NRW-Politik: Das bedeutet der Koalitionsvertrag für Düsseldorf
zuletzt aktualisiert: 13.07.2010 - 08:06Düsseldorf (RPO). Am Montag haben SPD und Grüne den Koalitionsvertrag unterzeichnet. Das 89 Seiten umfassende Schriftstück wird auch Auswirkungen auf Düsseldorf haben.
OB Dirk Elbers (CDU) sieht die rot-grünen Plänen mehr als skeptisch: "In Zeiten, in denen alle sparen, macht es einen komischen Eindruck, wenn die Landesregierung neue Schulden aufnimmt." Die Folgen für Düsseldorf im Einzelnen:
Gemeindefinanzen Rot-Grün will klamme Kommunen über einen Fonds stärken, in den alle einzahlen sollen. "Es kann nicht sein, dass wir als Stadt, die gut gewirtschaftet hat und deshalb nun schuldenfrei ist, für die Fehler der anderen mitbezahlen", sagt Elbers. Den Vorstoß, für Aufgaben, die Bund oder Land den Gemeinden zusätzlich aufbürden, auf einen Ausgleich zu pochen, hält er hingegen für zielführend und im Sinne des Städtetags.
Flughafen Rot-Grün will die Gebühren für Nachtflüge um bis zu 200 Prozent erhöhen und den Flugverkehr auch sonst einschränken. Düsseldorf wäre mit dem drittgrößten Flughafen Deutschlands besonders betroffen. "Da kann die Landesregierung auch gleich aufhören, nach China oder Indien zu fliegen, um die Wirtschaftsbeziehungen zu stärken, wenn sie zugleich den Standort Düsseldorf schwächt", sagt Elbers.

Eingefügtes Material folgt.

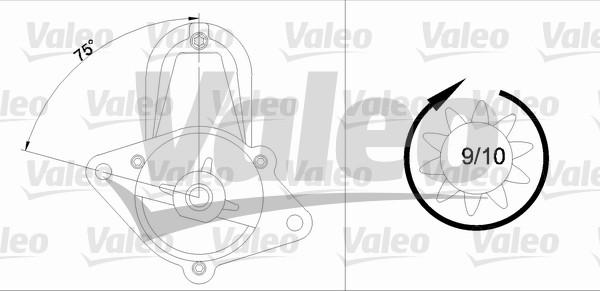 Valeo 458188 - Motor de arranque parts5.com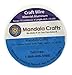 Mandala Crafts 12 Gauge Anodized Aluminum Craft Wire for Jewelry Making - 60 FT Colored Flexible Silver Tone Wire - Bendable for Bonsai Armature Crafting Sculpting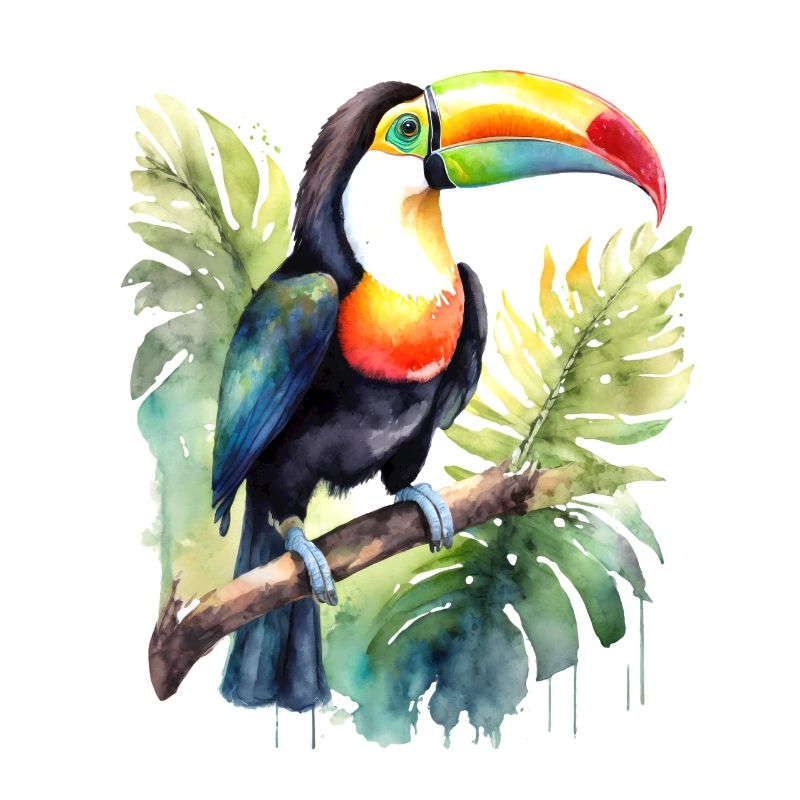 Aquarelle de Toucan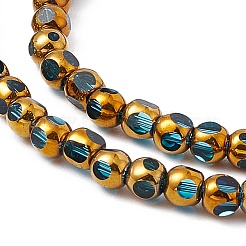 Electroplate Glass Beads Strands&nbsp;EGLA-L036-HR04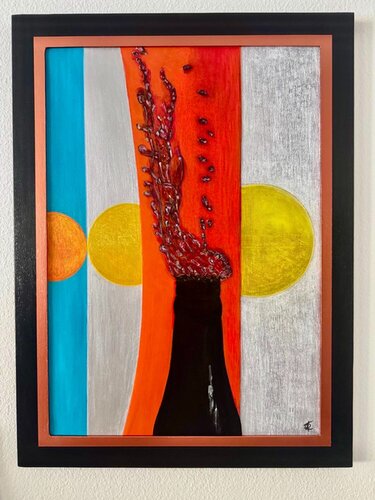 Explosion of life de Alessia Casarini Trygved, Pintura a la venta en Singulart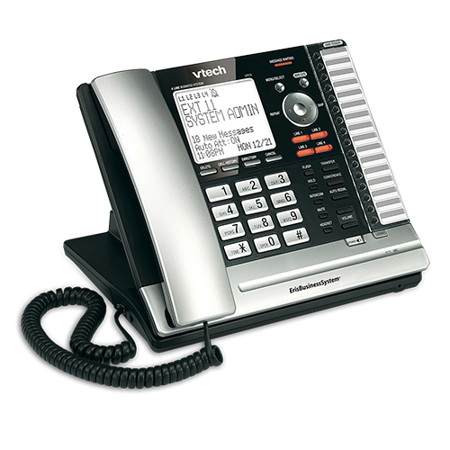 VTech UP416 ErisBusinessSystem 4-Line Office Phones Main Console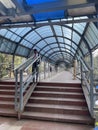 Andheri Metro Station bridge - Blue Line 1 Royalty Free Stock Photo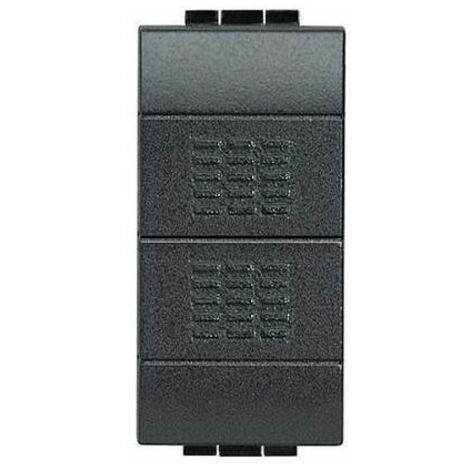 L4037 Botón doble (1 para Sí) + (1 para No) Antracita Livinglight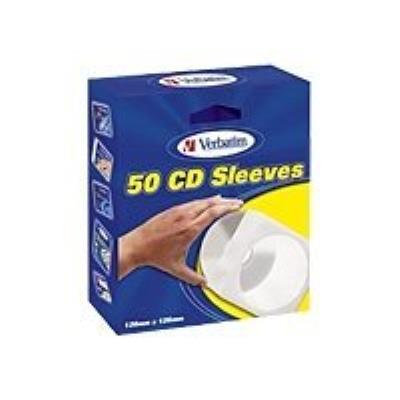 Enveloppes pour CD Verbatim - 50 pièces - Pochettes de CD - enveloppe  vierge - protège de la poussière et la saleté - avec fenêtre - enveloppe  avec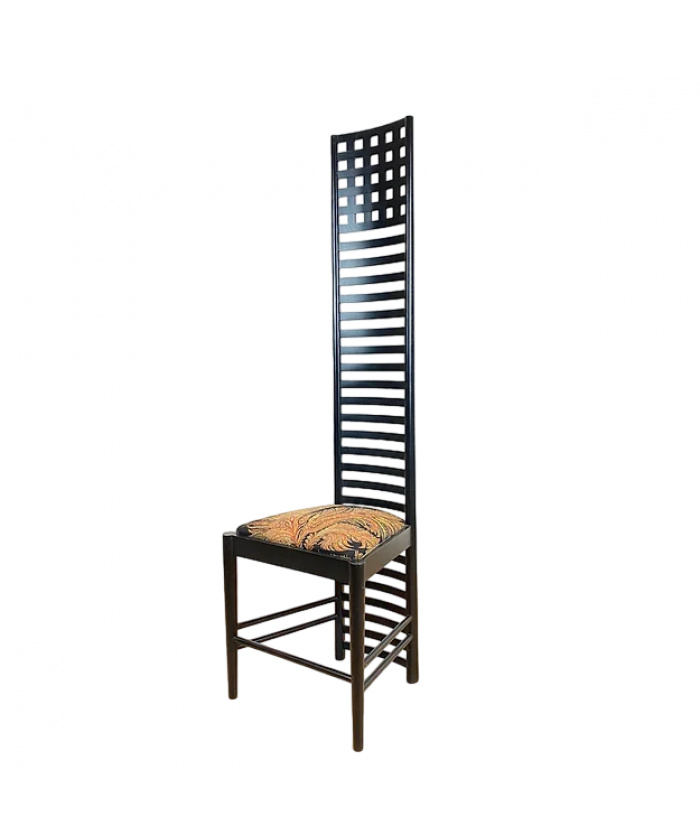 C. R. Mackintosh "292 Hill House Chair" for Alivar in black lacquered Ashwood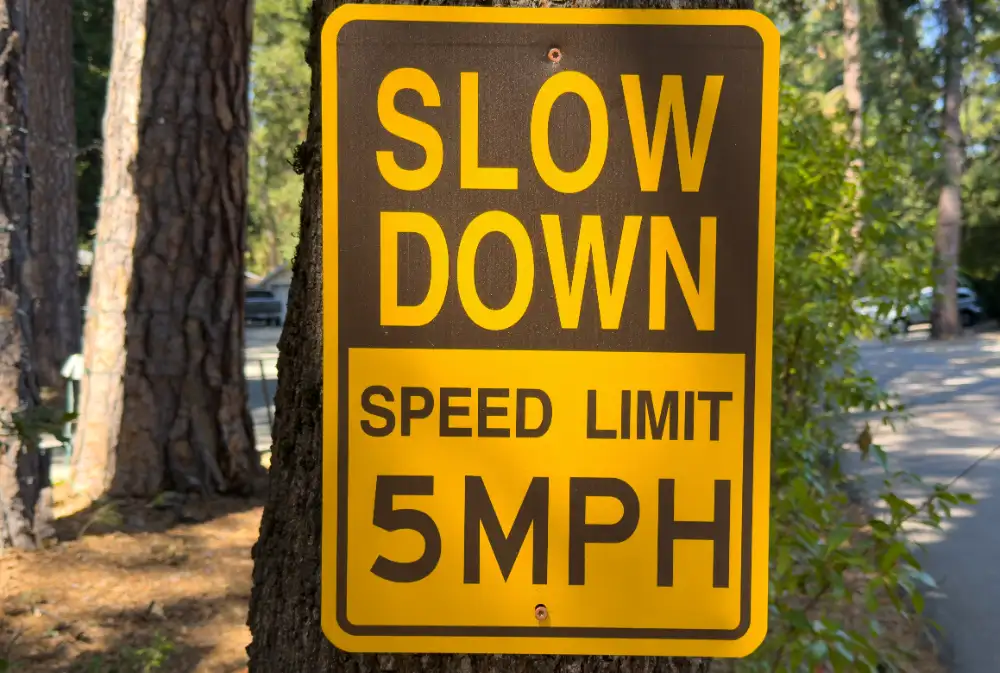 Slow Down Speed Limit 5mph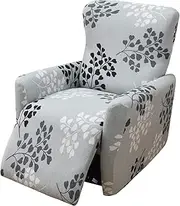 Stretch Recliner Couch Cover 4-Pieces 1Seat Recliner Chair Slipcovers with Pockets Sofa Cover Recliner Lazy Boy Furniture Protector for Living Room (Color : #18)
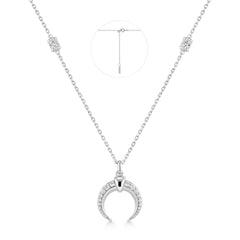 Silver Reversible Horn Necklace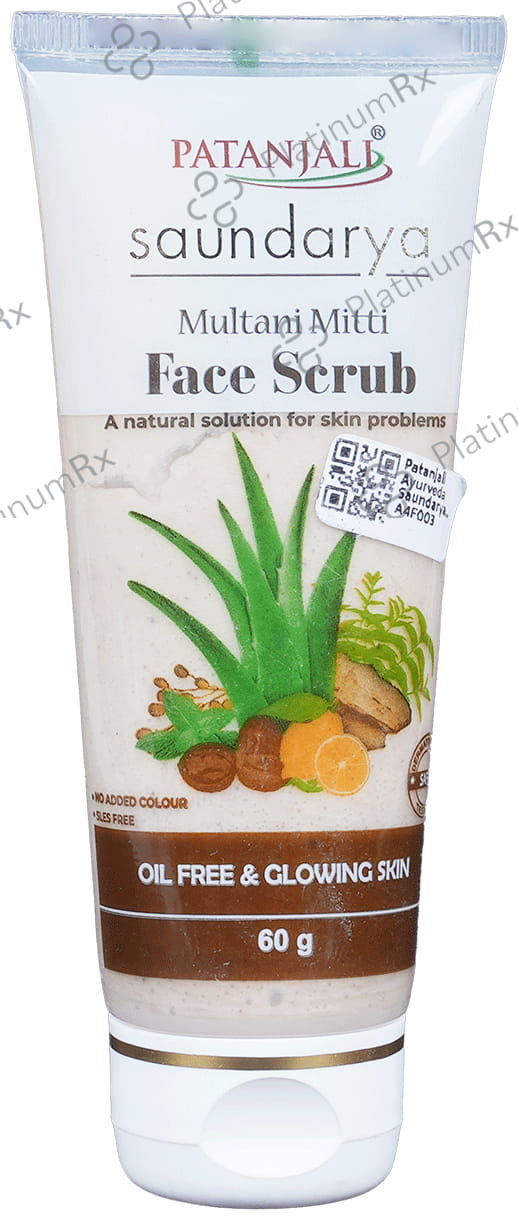 Patanjali Ayurveda Saundarya Multani Mitti Face Scrub
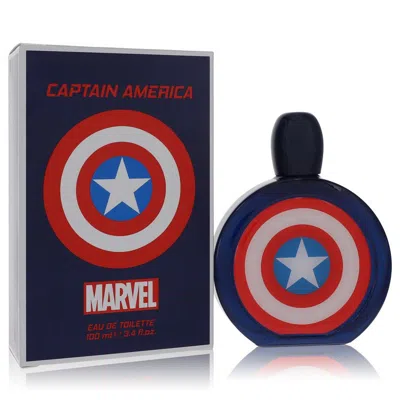 Marvel Captain America By  Eau De Toilette Spray 3.4 oz Men In Multi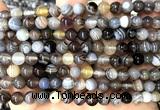 CAA6301 15 inches 6mm round Botswana agate gemstone beads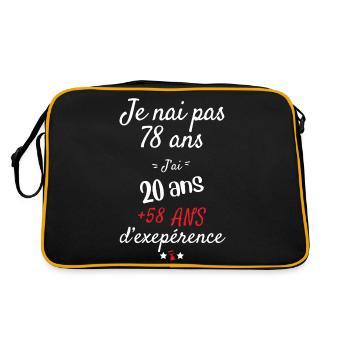 Je n'ai pas 78 ans cadeau d'anniversaire - Sac Retro - noir/or - Dos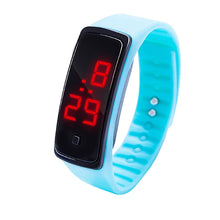 Load image into Gallery viewer, LED Digital Display Silicone Bracelet Children Electronic Watch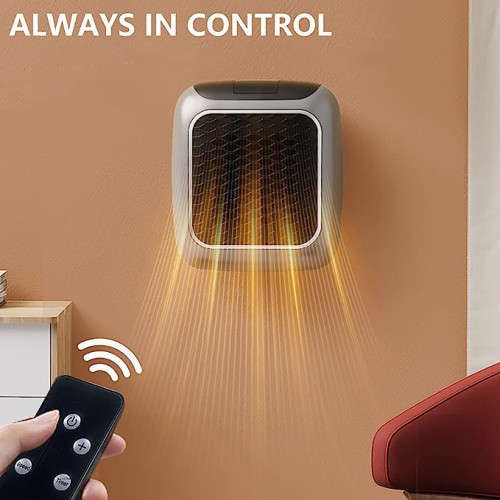 800W Heater Handheld Wall Mounted Electric Stove With Remote Control
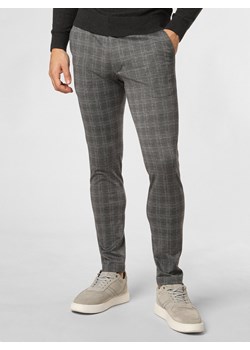 Cinque Spodnie Mężczyźni Sztuczne włókno szary w kratkę ze sklepu vangraaf w kategorii Spodnie męskie - zdjęcie 150906287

Diese Pläne seien ein herber Rückschlag für den Airport, "der sich zum Drehkreuz hochgearbeitet hat".
Bürgerbeteiligung Bei Bürgerentscheiden soll das Quorum, also die notwendige Mindestbeteiligung, von derzeit 20 auf zehn Prozent gesenkt werden. Der Bürgerentscheid gegen den Bau des Kö-Bogens 2008 wäre unter diesen Bedingungen erfolgreich gewesen. "Das Beispiel zeigt doch, dass damit erfolgreiche Stadtentwicklung verhindert würde", sagt Elbers. Schließlich gebe es gewählte Volksvertreter.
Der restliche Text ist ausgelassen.